Cette effroyable crise de notre existence nationale ne peut point passer en vain ; elle doit être pour nous un fécond enseignement après avoir été la plus douloureuse des épreuves. Depuis six mois, la France a pu voir où sont ses faiblesses, quelles déviations successives, quelles erreurs accumulées l’ont conduite à de si incomparables désastres. Il faut que la France songe aujourd’hui à se refaire moralement, politiquement, matériellement. Ceci n’est plus seulement l’œuvre d’une assemblée, c’est l’affaire de tout le monde. Pour tout ce qui porte un cœur français, le premier devoir maintenant est de mettre la main à ce travail commun qui doit embrasser notre reconstitution militaire, l’énergique réforme de l’éducation publique, notre réorganisation intérieure. La France a été perdue par les prospérités énervantes, par les séductions faciles, par les frivolités d’un scepticisme corrupteur. Le moment est venu pour elle de se relever sous la forte et salutaire discipline du malheur. Elle sait aujourd’hui ce qu’il en coûte d’oublier les grandes inspirations pour se jeter à la poursuite du bien-être et des jouissances, d’abandonner tous ses droits, de laisser se détendre et s’altérer sa vie publique ; elle vient de l’éprouver d’une manière tragique. Si elle eût exercé un contrôle plus sévère sur ses propres destinées, sur ses affaires, elle ne serait point aujourd’hui où elle en est ; elle aurait demanda des comptes, elle aurait su ce que ne savaient pas pour elle ceux qui l’endormaient dans une trompeuse sécurité.
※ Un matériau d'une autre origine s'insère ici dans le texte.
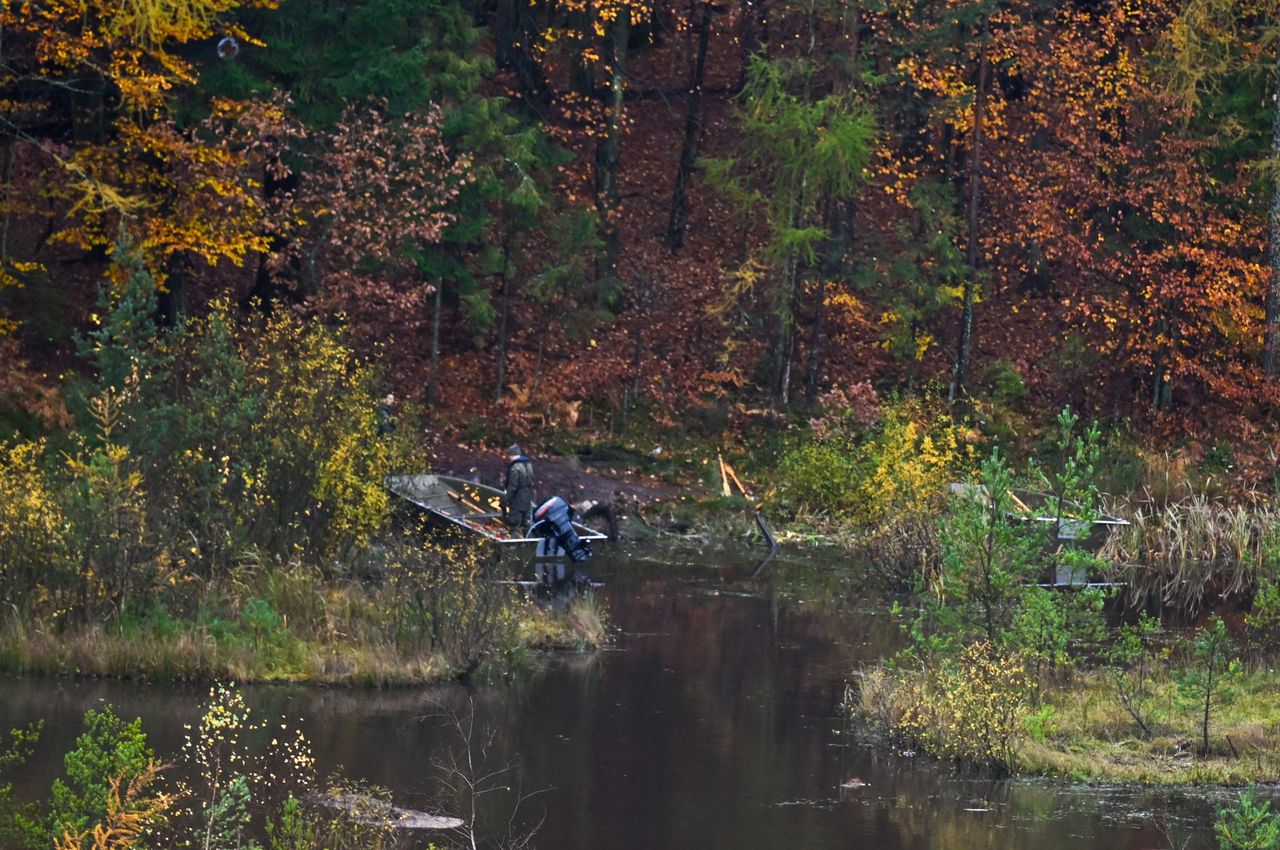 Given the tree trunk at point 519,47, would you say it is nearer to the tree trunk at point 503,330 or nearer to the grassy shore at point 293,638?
the tree trunk at point 503,330

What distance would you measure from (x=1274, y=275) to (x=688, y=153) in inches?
460

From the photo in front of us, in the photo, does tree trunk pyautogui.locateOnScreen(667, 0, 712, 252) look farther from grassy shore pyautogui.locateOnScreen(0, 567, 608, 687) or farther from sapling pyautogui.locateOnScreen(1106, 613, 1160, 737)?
sapling pyautogui.locateOnScreen(1106, 613, 1160, 737)

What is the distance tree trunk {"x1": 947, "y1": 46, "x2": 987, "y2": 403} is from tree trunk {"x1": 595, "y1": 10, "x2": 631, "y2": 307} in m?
6.68

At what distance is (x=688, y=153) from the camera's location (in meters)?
40.2

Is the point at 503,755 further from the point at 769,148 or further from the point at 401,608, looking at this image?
the point at 769,148

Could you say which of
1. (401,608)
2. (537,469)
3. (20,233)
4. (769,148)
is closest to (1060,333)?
(769,148)

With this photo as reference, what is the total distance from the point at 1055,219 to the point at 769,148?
20.3 feet

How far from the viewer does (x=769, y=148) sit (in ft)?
117

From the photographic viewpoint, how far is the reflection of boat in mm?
24789

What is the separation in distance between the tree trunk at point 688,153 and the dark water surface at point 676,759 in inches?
750

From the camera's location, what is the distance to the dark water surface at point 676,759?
14.5 m

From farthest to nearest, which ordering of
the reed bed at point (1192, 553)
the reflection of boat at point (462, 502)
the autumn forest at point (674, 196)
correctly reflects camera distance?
the autumn forest at point (674, 196) < the reed bed at point (1192, 553) < the reflection of boat at point (462, 502)

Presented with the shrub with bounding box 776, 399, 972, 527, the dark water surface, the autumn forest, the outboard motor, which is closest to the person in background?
the outboard motor

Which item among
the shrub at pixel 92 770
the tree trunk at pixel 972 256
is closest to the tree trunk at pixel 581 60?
the tree trunk at pixel 972 256
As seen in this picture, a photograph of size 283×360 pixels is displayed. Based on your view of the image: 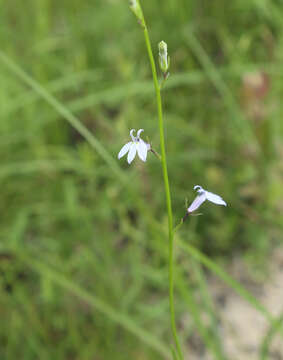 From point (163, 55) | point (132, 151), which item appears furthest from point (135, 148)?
point (163, 55)

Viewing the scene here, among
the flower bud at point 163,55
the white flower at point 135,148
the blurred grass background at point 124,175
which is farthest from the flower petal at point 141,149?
the blurred grass background at point 124,175

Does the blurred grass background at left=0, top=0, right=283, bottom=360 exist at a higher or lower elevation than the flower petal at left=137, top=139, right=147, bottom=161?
higher

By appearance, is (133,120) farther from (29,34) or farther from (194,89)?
(29,34)

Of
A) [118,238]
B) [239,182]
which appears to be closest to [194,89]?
[239,182]

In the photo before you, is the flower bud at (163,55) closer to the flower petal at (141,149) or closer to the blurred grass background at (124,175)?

Elle a certainement payé assez cher le droit de reprendre possession d’elle-même, de ne plus se fier aux prétendus sauveurs qui la perdent Elle se rachète au prix du sang et des plus effroyables souffrances ; elle n’aura pas du moins tout perdu, si, dans l’ère de travail et de régénération qui commence, elle n’oublie jamais ce qui l’a conduite à de telles extrémités.

ch. de mazade.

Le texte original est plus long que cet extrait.